October 9, 2014 | Eurodad
A briefing paper for European legislators and decision-makers
Introduction
Debt crises are frequent, and they are here to stay:
Between 1950 and 2010, sovereign debt had to be restructured in more than 600 cases in 95 countries worldwide. In 427 cases, restructuring affected official bilateral creditors and was handled by the Paris Club, an informal coordination body of Western creditors that is hosted by the French Ministry of Finance. In 186 cases, private creditors were affected (18 bond restructurings, 168 bank loans). While the 1950s to 1970s were a relatively calm period, most restructurings have taken place since the early 1980s after financial markets were deregulated.
The Greek debt restructuring of 2012 was the largest ever, affecting private bonds with a face value of €205.5bn. This demonstrates how expensive debt workouts can be when debt overhangs are addressed too late. Most experts agree that the Greek debt restructuring could have been ‘cheaper’ and less harmful if the international community had reacted earlier – and had better instruments at hand.
New debt vulnerabilities are emerging:
A recent Eurodad investigation into debt vulnerabilities and crisis risks within all country groupings (high, middle and low income countries) found that:
• In high income countries, including most of Europe, sovereign debt levels have surged and reached their highest levels ever in times of peace.
• Middle-income countries suffer from volatility and might soon face bursting speculative bubbles.
• In low-income countries we see ever riskier debt profiles as they replace development loans by fundraising on financial markets.
• All countries face increasing risks through hidden debt, the contingent liabilities that come from public-private partnerships or private banks that might need to be bailed out by the public.
The international financial architecture is in urgent need of reform:
There is currently no insolvency regime for sovereign debtors (or a sovereign debt workout mechanism) which could be used to restructure unsustainable debt burdens in a fair, timely and efficient manner – and thereby prevent debt crises and their devastating impacts on the social and economic fabric of affected nations. Existing institutions address either only a share of a nation’s debt burden (such as the Paris Club that deals with bilateral official debt), or operate with suboptimal policies and instruments (such as the IMF).
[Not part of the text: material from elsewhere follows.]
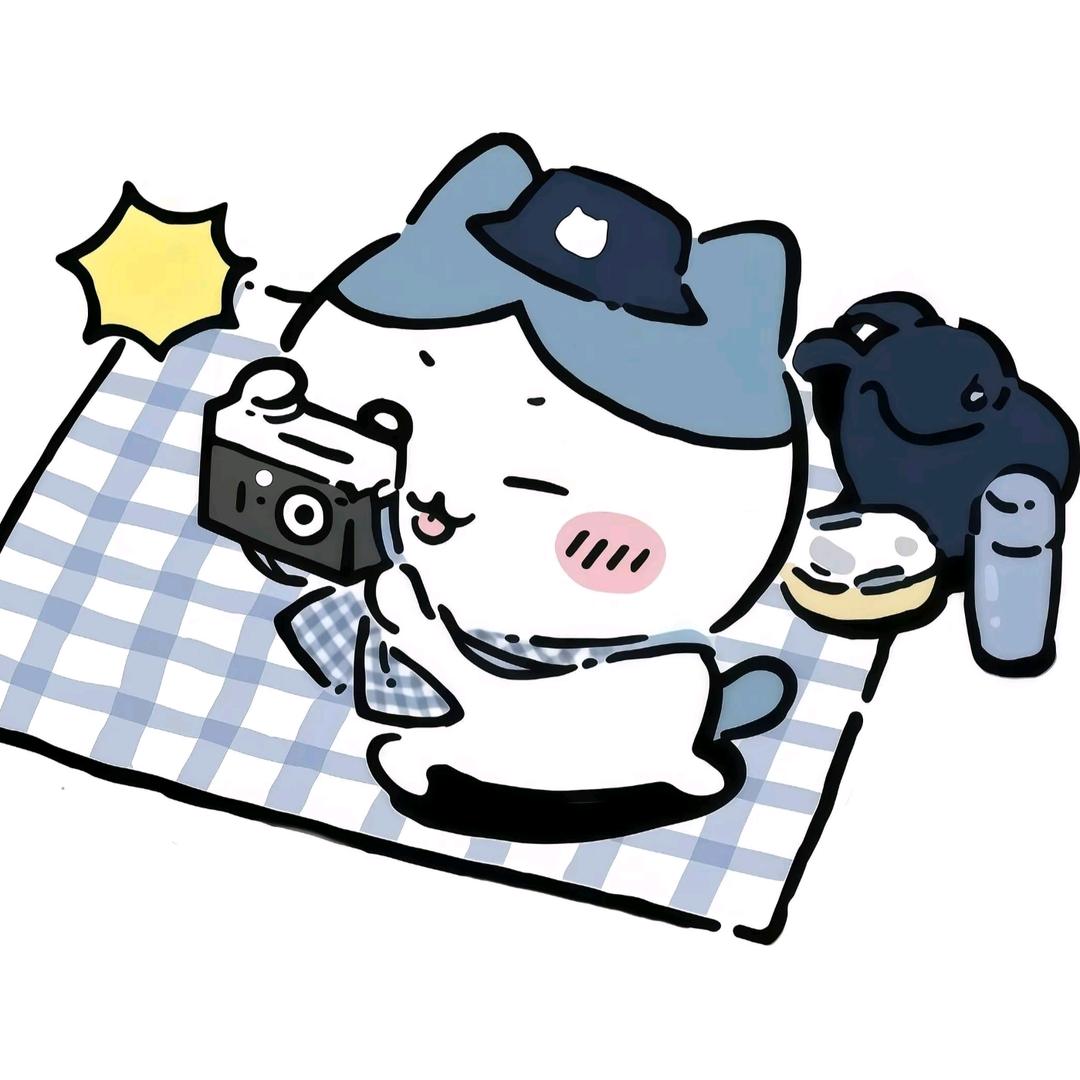 小樱桃太郎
In early 2013, both the IMF and the United Nations (UNCTAD) started new processes that aim to reform existing sovereign debt resolution processes and address the new challenges that arose in Greece and Argentina. The following chapters describe and assess these reform processes. The ongoing reform processes of the EU’s own financial architecture are not the subject of this briefing.
Key Findings
• It is vital that a responsible debt workout mechanism for cases of sovereign insolvency is established and integrated into the international financial architecture.
• The UN’s current proposals for development-friendly debt workouts based on human rights and responsible financing - which is the co-responsibility of creditors and debtors - offer the best chance of ensuring that countries can restructure their debts in an effective, sustainable and humane way.
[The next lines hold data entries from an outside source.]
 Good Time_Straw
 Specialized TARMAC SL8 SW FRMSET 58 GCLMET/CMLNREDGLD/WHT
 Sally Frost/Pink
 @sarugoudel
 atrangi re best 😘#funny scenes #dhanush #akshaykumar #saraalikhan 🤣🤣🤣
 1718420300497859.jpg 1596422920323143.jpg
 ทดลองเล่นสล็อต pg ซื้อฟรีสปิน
European decision-makers and legislators can make this a reality by:
• Supporting initiatives for a resolution establishing a Multilateral Convention on sovereign debt workout at the United Nations General Assembly.
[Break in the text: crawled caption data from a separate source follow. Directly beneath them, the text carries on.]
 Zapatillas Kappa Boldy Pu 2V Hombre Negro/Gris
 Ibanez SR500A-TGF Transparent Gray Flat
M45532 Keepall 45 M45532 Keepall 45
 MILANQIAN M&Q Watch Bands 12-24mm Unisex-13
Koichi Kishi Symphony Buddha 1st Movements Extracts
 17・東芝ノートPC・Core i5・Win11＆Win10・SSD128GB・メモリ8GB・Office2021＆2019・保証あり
• Calling on the UN’s Financing for Development Conference in Addis Ababa in 2015 to promote the institution-building process for an international insolvency procedure.
• Ensuring that any new international insolvency regime is mandated to deal comprehensively with debt problems, is independent of creditors in analysis and decision-making, provides a human needs-based approach to debt sustainability, and gives all stakeholders the right to be heard.
• Integrating debt (debt workout, debt sustainability and responsible lending) into the EU’s Policy Coherence for Development Framework, and defining debt reduction as an explicit aim of the EU’s development cooperation with third countries.
• The European Parliament should also recall and strengthen its earlier motion for an international insolvency procedure or fair and transparent procedure, and urge the EU to immediately take necessary steps for implementation.